The Senate Appropriations Defense Subcommittee (SAC-D) has added Sens. Chris Murphy (D-Conn.) and Shelley Moore Capito (R-W.V.) to its roster for the new Congress.
Sens. Patty Murray (D-Wash.) and Susan Collins (R-Maine), the new chair and vice chair of the Appropriations Committee, respectively, announced the full slate of subcommittee leaders and rosters on Feb. 15.
Sen. Chris Murphy (D-Conn.)"There are so many critical challenges our country faces right now, and we are glad to have this capable and committed group of senators to lead our subcommittees this Congress and work to solve problems in people's lives through our appropriations bills," Murray and Collins said in a joint statement. "We look forward to working closely with all of our Subcommittee leaders and colleagues on the Committee in the months ahead to find common ground-and deliver for the American people."
Along with the addition of Murphy and Capito, SAC-D's full roster includes Sens. Jon Tester (D-Mont.) and Collins as the panels chair and vice chair, as well as Sens. Dick Durbin (D-Ill.), Dianne Feinstein (D-Calif.), Jack Reed (D-R.I.), Murray, Brian Schatz (D-Hawaii), Tammy Baldwin (D-Wis.), Jeanne Shaheen (D-N.H,) Mitch McConnell (R-Ky.), Lisa Murkowski (R-Alaska), Lindsey Graham (R-S.C.), Jerry Moran (R-Kan.), John Hoeven (R-N.D.) and John Boozman (R-Ark.).
Murphy said in a statement he plans to be a strong proponent of Connecticut-based defense programs, including "making sure they get a fair shot at DoD contracts"
"Serving on the Defense Appropriations Subcommittee is a huge privilege, as I'll have the opportunity to be an even stronger voice to make sure we spend money in a way that's consistent with our true national security needs. Connecticut’s workers build world-class jet engines, helicopters, and submarines, and my priority will be making sure they get a fair shot at DOD contracts," Murphy said.
In recent weeks, Murphy has been particularly vocal about the Army’s decision not to award the Future Long Range Assault Aircraft (FLRAA) contract to the Stratford, Connecticut-based Sikorsky [LMT].
"The Army’s decision to award the contract to Bell [TXT], even though its product is reportedly WAY more expensive than the Sikorsky product, is going to end up bilking American taxpayers," Murphy wrote in a social media post.

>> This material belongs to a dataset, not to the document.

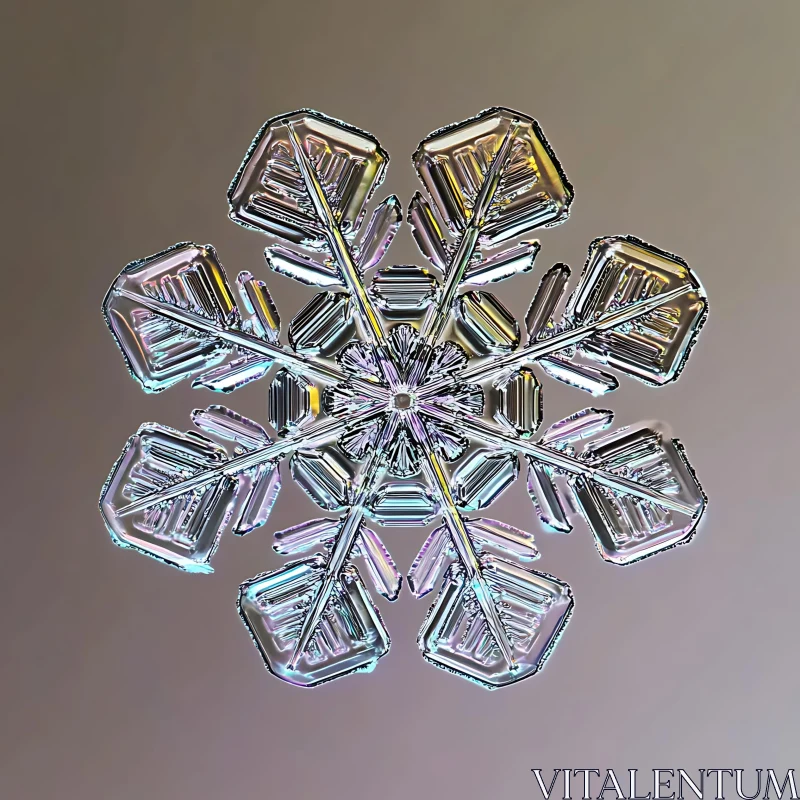 AI ART Detailed Snowflake Macro Photography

Bell’s V-280 Valor tiltrotor aircraft design was named the winner of the FLRAA program on Dec. 5, beating out a Sikorsky and Boeing [BA] team’s Defiant X coaxial rigid rotor helicopter offering for the competition to find an eventual UH-60 Black Hawk helicopter replacement (Defense Daily, Dec. 5).

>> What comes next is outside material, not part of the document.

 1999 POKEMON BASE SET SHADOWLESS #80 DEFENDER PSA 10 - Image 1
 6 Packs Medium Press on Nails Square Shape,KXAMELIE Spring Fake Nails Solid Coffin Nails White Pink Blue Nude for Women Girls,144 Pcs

Sikorsky then filed a protest with the Government Accountability Office, with a decision on the challenge due to be announced by April 7 (Defense Daily, Jan. 3).

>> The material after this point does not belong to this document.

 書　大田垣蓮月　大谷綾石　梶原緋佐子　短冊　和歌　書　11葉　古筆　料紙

In a social media post from Feb. 2, Murphy said the Army has declined Congress’ request for a briefing on the FLRAA award four times.
"My guess is that the Army is refusing to brief lawmakers on the assault aircraft contract because the price difference between the affordable Sikorsky helicopter and the expensive Bell non-helicopter is enormous," Murphy said in a Jan. 31 social media post.
The Army’s initial FLRAA deal to Bell is worth up to $1.3 billion but could total $7 billion if all options are picked up, which would include delivery of prototype aircraft and the first lot of low-rate initial production platforms (Defense Daily, Dec. 6).
General Dynamics Electric Boat [GD], which builds the Navy’s nuclear-powered submarines, is also headquartered in Connecticut and has a shipyard in Groton and a design and engineering facility in New London.
SAC-D held its first hearing of the new Congress on Feb. 9, where Tester said he wants the fiscal year 2024 budget to include funding and plans to help the Pentagon avoid future intrusions into U.S. airspace and pressed DoD officials on the decision making process related to the tracking and eventual shooting down of the recent Chinese surveillance balloon off the coast of South Carolina (Defense Daily, Feb. 9).